Johannesburg - Owners of spaza shops have a lot to learn from their foreign counterparts.
Across the platinum belt and the City of Gold spazas are increasingly being run by foreigners who have displaced local businesses.
They operate longer hours and keep a wider variety of goods compared to their counterparts in Vosloorus, Soweto and Rustenburg.
Rashid Ahmed, a small business analyst at Finmark Trust, says the foreign-owned businesses are booming partly because of their longer operating hours.
"They can afford to work incredibly long hours because in most cases they have left their families in their own countries," says Ahmed.
He says another contributor to their success is that they organise themselves into associations that focus on growing their businesses and saving by buying in bulk. In contrast, local operators are unlikely to be members of an organised group.
Some foreign shopkeepers even sleep in the storerooms of the shops they run, like Jalaloddin Mohammad in Orlando East, Soweto.
"This shop is to me what women and beer are to other men," says Mohammad, who has been working at the store for two-and-a-half years.
Mohammad says he only leaves the shop for a maximum of two days a week.
He has neither family nor friends in the country. He came into the country through the Bangladeshi owner of the shop, who runs a chain of similar shops.
Our investigations in the East Rand, Soweto and Rustenburg indicates that many of the foreign nationals running the shops are employed by groups of elusive and powerful foreign owners who typically have several stores.
Information about the owners was scarce and requests for it ended many interviews. The employees feared that their bosses would abandon them if they discovered that they had spoken to the press.
These owners club together to buy goods from retailers at favourable rates but they do not pass the savings they get from this practice onto their customers. On average they charge more than their local counterparts but remain in business because they stock a wider variety of goods.
This practice is drawing a mixed response from their customers.
Mzoli Matiwane of Vosloorus says he prefers spending his money at a store run by foreigners because he is guaranteed to find whatever product he is looking for.
Elizabeth Ntlatseng of Orlando East does not mind to shop around because of the higher prices.
"In most cases the prices at foreign-run spazas fluctuate," says Ntlatseng, adding that she only shops at these spazas for items she can't find at the spazas of locals.
A number of the foreign stores we visited may be operating below the radar of the law. Many employees did not have their identification documents with them.
Home affairs spokesperson Cleo Mosana said the department did not have statistics on the number of businesses operated by immigrants, including those who are in the country illegally.
The SA Revenue Service (Sars) has an idea of the numbers of foreign-owned small businesses that operate in the country legally but does not record it for tax purposes.
"When a person registers a business we ask for their nationality but we don't record that information for tax collection purposes. Many of these businesses are exempted from tax because they generate profits of less than R100 000 a year," says Sars spokesperson Adrian Lackay.

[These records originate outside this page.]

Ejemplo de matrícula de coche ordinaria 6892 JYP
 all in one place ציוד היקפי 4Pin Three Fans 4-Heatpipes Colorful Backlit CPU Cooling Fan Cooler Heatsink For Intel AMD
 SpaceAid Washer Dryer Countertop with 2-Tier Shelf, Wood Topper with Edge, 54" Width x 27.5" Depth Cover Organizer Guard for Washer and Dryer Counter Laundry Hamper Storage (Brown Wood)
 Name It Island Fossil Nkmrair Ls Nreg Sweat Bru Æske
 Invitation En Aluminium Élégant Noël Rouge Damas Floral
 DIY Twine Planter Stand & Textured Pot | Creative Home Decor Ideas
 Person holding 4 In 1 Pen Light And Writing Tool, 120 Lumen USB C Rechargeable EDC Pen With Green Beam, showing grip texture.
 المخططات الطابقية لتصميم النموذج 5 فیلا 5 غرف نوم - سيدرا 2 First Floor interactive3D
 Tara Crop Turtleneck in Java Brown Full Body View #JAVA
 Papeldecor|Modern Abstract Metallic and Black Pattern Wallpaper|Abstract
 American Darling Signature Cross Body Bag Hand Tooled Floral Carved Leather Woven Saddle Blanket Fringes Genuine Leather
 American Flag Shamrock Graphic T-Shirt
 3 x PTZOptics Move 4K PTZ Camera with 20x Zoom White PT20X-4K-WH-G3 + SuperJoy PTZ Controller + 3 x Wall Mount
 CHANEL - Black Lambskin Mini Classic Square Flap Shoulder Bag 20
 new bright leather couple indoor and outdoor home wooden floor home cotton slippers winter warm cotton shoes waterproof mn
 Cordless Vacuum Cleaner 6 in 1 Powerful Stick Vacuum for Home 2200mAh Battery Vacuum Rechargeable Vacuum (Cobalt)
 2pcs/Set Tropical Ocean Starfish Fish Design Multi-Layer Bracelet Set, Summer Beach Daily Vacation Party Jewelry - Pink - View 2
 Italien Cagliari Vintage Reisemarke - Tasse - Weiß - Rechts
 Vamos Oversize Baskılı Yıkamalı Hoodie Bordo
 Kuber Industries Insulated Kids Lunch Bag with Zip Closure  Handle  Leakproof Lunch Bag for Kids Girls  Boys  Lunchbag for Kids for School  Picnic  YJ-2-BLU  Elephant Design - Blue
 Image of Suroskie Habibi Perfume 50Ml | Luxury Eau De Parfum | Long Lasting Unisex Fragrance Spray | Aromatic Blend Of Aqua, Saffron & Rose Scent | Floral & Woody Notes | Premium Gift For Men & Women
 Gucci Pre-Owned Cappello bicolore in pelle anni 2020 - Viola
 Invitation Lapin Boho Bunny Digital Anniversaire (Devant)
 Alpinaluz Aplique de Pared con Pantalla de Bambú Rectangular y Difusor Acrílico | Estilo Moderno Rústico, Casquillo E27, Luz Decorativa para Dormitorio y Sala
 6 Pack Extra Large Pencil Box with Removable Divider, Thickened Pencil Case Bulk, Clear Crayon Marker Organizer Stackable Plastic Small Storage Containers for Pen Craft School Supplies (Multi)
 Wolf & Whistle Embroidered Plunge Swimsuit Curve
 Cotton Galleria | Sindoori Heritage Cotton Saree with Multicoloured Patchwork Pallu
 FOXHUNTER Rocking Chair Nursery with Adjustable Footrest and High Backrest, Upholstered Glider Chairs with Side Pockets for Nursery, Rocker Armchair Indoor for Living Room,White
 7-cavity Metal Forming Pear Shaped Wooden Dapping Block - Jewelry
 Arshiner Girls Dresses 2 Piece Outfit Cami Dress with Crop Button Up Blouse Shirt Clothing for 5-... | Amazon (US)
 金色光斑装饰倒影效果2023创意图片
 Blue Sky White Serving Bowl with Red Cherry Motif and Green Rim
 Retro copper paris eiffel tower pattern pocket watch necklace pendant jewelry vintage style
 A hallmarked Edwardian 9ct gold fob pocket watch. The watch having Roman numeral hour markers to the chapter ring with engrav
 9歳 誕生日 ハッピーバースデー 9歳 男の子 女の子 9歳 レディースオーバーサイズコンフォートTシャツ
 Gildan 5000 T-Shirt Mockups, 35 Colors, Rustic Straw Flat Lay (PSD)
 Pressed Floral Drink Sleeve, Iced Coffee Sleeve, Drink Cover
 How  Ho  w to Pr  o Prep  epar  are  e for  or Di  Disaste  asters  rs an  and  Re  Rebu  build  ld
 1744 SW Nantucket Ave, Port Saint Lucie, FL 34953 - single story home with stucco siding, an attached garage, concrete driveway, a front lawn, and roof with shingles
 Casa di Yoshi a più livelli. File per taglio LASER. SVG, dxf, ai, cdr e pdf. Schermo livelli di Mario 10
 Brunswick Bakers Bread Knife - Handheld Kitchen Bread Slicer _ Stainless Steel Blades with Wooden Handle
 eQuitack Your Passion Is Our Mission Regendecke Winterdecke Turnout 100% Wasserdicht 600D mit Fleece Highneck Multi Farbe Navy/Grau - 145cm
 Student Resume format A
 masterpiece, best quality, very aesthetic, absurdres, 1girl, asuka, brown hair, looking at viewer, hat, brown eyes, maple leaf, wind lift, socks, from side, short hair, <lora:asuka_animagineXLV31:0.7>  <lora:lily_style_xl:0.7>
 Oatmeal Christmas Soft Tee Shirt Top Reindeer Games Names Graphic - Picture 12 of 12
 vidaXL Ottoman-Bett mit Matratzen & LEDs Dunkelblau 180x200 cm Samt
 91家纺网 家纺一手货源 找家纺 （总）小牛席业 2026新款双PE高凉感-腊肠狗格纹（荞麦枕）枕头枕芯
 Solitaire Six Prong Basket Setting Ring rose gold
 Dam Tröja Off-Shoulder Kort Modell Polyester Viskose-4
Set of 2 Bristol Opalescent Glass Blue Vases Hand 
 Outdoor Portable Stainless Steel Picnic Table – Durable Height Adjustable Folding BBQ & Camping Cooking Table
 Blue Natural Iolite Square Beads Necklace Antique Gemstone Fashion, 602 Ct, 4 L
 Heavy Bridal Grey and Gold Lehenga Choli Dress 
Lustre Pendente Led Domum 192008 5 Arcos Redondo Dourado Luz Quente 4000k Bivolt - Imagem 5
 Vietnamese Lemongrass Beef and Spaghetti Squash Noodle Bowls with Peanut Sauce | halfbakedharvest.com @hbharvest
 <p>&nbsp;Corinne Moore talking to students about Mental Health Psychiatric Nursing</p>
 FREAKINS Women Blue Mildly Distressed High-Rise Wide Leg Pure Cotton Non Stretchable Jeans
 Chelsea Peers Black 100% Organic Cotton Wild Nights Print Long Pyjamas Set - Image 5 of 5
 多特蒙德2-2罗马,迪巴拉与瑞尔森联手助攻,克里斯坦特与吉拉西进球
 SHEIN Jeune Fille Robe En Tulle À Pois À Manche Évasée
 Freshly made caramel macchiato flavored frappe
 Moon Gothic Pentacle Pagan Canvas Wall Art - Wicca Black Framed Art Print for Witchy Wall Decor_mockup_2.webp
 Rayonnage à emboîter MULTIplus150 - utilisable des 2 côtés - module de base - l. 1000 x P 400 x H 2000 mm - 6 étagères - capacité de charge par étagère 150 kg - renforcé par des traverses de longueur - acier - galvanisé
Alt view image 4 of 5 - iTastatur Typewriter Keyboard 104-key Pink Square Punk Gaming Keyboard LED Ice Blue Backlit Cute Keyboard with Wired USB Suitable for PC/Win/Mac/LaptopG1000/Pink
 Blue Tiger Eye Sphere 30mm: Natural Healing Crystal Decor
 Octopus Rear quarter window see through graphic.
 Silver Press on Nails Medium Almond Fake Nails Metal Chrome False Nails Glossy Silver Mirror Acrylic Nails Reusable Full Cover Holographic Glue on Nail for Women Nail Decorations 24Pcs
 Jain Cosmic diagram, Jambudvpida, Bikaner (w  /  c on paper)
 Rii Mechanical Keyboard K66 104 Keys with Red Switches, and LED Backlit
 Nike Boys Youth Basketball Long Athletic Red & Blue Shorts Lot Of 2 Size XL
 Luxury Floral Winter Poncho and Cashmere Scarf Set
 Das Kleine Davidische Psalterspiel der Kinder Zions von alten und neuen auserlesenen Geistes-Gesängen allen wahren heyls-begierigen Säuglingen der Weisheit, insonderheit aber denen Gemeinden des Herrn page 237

What is clear though is that there is an increasing number of foreign small business owners chasing the African dream on our southern shores.
Difficult trading
"I am surprised to see that foreign entrepreneurs have even managed to penetrate into the most remote parts of the rural communities," says Ahmed.
Difficult trading conditions have forced many local entrepreneurs to rent their premises to foreign business people. One such entrepreneur is Dumisame Nkosi of Vosloorus on the East Rand.
"I didn't rent it out to a local entrepreneur because Bangladeshis have a good reputation for paying their rent on time while South Africans generally come up with excuses when it's time to pay rent," he says.
"Besides, I can charge them (Bangladeshis) whatever I want," he says.
Nkosi charges his tenant R2 500 a month.
The emergence of foreign-owned small businesses in Vosloorus has been a double-edged sword for Nkosi's business adventures.
He has had to close his transport company that used to deliver goods to other spaza owners in the township because the number of locally -owned spaza shop dwindled and the foreign nationals use the services of one of their own.
In Phokeng, outside Rustenburg, many shops there are run by Somalis and Chinese who were not forthcoming about their business activities. Not all of them operate legally.
Phokeng is home to the Royal Bafokeng Nation (RBN), which is said to be among the richest communities on the continent because of their mining wealth.
RBN spokesperson Martin Bekker says they have worked with the police over the past two years to root out illegal businesses in the area. He says random inspections have resulted in the closing of businesses that failed to produce their business licences last year and in 2008.
"We are currently contesting four court applications for eviction of such persons at the Mmabatho High Court," he says.
He says locals are responsible for the surging number of foreign entrepreneurs.
"The problem seems to lie with Bafokeng who obtain trading licences and then unlawfully sell or transfer these to foreign nationals in under-the-counter deals," he says.
The battle for survival is likely to intensify this year in the townships and rural areas as job losses force families to choose more carefully where they spend their money.